Improve Monitoring Efficiency

Monitoring services on an IP network can be resource-intensive, especially in cases where many of the services are not available. When a service is offline or unreachable, the monitoring system spends most of its time waiting for retries and timeouts. To improve efficiency, Horizon deems all services on an interface to be down if the critical service is down. Horizon uses ICMP as the critical service by default.

The following image shows how to use critical services to generate these events:

Example of three nodes experiencing varying critical service events

Figure 1. Examples of service assurance with pollerd

All critical services are up on the node; only a nodeLostService event is sent.
A critical service on one of many IP interfaces is down; an interfaceDown event is sent. All other services are not tested, and no other events are sent. These services are assumed to be unreachable.
All critical services on the node are down, and only a nodeDown event is sent. All other services on the other IP interfaces are not tested, and no events are sent. These services are assumed to be unreachable.

Horizon uses critical services to correlate outages to a nodeDown or interfaceDown event. This is a global configuration setting for pollerd, and is defined in poller-configuration.xml. It is enabled by default.

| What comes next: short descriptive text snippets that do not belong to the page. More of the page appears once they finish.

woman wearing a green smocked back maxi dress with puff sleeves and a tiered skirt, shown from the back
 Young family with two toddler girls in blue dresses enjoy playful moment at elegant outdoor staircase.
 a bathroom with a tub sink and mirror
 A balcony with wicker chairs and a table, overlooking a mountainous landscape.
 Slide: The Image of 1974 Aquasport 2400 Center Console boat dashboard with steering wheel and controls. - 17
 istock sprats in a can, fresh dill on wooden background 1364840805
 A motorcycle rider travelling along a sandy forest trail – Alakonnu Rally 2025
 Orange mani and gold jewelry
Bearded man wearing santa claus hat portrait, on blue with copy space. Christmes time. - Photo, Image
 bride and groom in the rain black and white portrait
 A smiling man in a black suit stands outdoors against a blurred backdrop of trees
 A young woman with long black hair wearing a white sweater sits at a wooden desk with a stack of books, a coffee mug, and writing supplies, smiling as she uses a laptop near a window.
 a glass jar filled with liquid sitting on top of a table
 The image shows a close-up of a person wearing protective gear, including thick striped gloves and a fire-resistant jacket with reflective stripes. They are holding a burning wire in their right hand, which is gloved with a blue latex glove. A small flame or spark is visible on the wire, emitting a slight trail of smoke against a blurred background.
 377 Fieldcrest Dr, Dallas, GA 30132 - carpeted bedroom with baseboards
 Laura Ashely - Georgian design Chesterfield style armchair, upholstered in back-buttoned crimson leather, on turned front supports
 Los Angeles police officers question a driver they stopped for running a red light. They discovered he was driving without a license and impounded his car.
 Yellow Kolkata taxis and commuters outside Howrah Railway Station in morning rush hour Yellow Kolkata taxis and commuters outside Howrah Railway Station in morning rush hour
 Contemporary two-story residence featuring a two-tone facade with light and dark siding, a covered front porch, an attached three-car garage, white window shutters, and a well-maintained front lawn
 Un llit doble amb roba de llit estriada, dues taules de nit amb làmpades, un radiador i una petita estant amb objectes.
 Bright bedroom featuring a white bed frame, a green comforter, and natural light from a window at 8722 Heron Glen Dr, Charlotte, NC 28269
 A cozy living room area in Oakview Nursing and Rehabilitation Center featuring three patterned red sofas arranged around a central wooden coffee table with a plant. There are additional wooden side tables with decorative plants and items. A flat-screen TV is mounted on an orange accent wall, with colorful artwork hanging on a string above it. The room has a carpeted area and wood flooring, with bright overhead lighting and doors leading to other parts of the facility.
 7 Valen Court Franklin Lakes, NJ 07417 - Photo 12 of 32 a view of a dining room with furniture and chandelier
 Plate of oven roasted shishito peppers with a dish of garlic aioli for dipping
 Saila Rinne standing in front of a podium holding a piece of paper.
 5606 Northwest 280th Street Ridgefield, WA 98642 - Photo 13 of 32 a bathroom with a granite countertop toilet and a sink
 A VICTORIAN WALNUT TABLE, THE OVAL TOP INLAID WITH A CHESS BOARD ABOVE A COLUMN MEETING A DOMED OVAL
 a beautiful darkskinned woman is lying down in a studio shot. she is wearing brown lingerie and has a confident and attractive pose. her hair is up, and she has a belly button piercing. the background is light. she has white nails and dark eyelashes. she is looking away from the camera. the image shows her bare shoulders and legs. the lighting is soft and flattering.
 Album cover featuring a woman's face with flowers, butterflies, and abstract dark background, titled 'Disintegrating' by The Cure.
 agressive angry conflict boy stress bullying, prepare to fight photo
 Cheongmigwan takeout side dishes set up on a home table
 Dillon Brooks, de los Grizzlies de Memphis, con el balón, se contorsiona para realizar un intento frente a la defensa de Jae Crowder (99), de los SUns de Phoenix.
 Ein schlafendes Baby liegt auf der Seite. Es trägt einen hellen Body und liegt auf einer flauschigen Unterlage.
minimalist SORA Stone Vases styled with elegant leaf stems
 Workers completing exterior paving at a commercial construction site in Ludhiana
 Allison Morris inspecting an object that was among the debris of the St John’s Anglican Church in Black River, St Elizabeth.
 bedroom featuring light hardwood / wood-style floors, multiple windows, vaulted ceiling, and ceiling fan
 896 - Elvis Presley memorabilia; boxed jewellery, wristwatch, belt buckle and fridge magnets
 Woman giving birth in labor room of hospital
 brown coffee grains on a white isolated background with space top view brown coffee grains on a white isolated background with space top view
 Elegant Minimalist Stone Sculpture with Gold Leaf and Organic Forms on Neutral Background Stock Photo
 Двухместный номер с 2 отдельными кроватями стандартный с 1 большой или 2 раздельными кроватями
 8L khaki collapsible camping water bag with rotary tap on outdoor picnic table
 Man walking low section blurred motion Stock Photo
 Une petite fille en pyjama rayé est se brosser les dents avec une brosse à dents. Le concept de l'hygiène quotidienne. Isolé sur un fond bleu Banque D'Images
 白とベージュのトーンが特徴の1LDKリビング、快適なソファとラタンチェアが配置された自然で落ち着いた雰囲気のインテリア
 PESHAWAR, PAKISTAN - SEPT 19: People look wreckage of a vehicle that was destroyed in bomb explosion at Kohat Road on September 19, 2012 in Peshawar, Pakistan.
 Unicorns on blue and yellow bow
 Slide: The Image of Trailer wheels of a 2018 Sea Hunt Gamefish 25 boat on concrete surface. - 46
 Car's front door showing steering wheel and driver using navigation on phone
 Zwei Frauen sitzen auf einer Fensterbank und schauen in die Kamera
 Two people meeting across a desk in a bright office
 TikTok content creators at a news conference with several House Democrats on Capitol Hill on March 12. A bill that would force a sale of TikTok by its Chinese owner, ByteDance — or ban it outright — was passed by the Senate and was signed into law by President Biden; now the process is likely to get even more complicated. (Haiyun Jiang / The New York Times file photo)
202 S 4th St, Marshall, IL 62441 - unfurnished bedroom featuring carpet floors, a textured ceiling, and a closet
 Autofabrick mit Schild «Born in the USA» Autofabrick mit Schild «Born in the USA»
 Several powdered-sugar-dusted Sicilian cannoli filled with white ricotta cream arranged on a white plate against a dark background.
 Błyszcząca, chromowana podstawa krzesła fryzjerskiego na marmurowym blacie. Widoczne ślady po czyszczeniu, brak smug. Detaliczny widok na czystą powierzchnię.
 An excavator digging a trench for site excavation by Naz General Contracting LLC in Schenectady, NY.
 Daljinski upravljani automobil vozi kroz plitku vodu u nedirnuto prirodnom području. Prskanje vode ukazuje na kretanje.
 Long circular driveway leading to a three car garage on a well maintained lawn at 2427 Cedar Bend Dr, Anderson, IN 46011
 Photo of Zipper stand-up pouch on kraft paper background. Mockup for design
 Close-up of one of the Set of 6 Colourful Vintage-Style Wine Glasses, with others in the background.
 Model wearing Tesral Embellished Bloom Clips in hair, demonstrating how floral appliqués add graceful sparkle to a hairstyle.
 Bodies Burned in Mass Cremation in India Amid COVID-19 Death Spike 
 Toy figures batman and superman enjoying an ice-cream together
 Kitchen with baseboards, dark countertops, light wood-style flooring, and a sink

Critical service configuration in pollerd

<poller-configuration threads="30"
                      pathOutageEnabled="false"
                      serviceUnresponsiveEnabled="false">

<node-outage status="on" (1)
      pollAllIfNoCriticalServiceDefined="true"> (2)
      <critical-service name="ICMP" /> (3)
</node-outage>

1	Allow node outage correlation based on a critical service.
2	(Optional) For nodes without a critical service, this option controls the polling behavior during a node outage. If set to `true`, all services will be polled. If set to `false`, the first service in the package that exists on the node will be polled until service is restored. When service is restored, polling will resume for all services.
3	Define the critical service for node outage correlation.